Sheriff: Custodian stopped Wash. school shooting
(Update: Sheriff’s office reveals more details of shooting)
ROCKFORD, Wash. (AP) – Authorities say a school custodian was the staffer who stopped a student from continuing a shooting rampage that killed one student and injured three others at a Washington state high school.
The Spokane County Sheriff’s Office said Wednesday evening that the custodian approached the shooter at Freeman High School Wednesday morning during the incident and ordered him to surrender.
The sheriff’s office says a deputy who works as a school resource officer arrived shortly thereafter and took the shooter into custody.
Also on Wednesday evening, the sheriff’s office described the three students who were shot and wounded as seriously injured. Authorities said previously the injured students were expected to survive.
Earlier, authorities said the student killed a fellow student who attempted to stop him.
Spokane County Sheriff Ozzie Knezovich said the shooter came to Freeman High School in Rockford armed with two weapons, and one jammed when he tried to fire it.
The sheriff says a student approached the shooter and attempted to block him before he was shot and killed.
Knezovich says the gunman then shot three other students before a school staff member stopped him.
The sheriff called it a courageous action by the staffer.

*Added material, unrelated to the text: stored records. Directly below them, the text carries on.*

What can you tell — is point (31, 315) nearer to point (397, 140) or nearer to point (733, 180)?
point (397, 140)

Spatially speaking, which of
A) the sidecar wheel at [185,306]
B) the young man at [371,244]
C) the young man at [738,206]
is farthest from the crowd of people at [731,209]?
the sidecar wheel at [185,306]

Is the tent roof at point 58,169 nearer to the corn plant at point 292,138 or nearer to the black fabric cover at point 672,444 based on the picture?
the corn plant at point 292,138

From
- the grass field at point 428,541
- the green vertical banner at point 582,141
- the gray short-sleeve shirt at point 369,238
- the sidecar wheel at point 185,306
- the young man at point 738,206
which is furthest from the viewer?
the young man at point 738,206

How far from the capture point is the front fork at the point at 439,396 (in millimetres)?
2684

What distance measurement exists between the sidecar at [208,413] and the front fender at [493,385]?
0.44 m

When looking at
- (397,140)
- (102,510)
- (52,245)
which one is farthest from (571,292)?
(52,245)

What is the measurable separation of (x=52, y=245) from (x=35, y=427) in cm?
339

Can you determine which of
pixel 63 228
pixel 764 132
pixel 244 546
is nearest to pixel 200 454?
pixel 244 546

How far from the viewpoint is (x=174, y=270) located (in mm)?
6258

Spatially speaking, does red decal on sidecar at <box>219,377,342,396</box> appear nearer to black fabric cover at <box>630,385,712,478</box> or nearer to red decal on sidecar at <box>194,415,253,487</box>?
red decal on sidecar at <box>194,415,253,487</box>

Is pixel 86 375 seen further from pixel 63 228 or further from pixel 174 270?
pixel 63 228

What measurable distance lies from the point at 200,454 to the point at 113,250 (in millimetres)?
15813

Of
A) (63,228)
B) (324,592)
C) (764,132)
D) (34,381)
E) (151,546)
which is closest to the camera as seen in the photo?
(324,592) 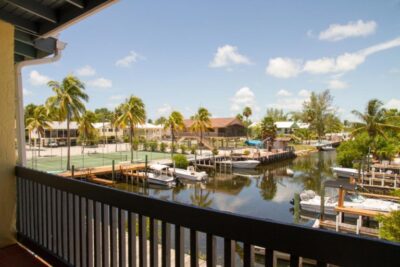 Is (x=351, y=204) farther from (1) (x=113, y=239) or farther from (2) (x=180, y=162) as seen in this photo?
(2) (x=180, y=162)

Knezovich says no officers fired their weapons and the gunman had been disabled by the time officers arrived.
Knezovich says the suspect is the county’s juvenile jail.
Classmate Michael Harper, who’s 15, told The Associated Press that the suspect had long been obsessed with past school shootings. He says he saw the student at school with a duffel bag.
The suspect is in custody and hasn’t been identified by authorities.
Harper, a sophomore, said the suspect had brought notes to school in the beginning of the year, saying he might get killed or jailed. Harper says some students alerted counselors.
The teen said the suspect wasn’t bullied, calling him “nice and funny and weird.”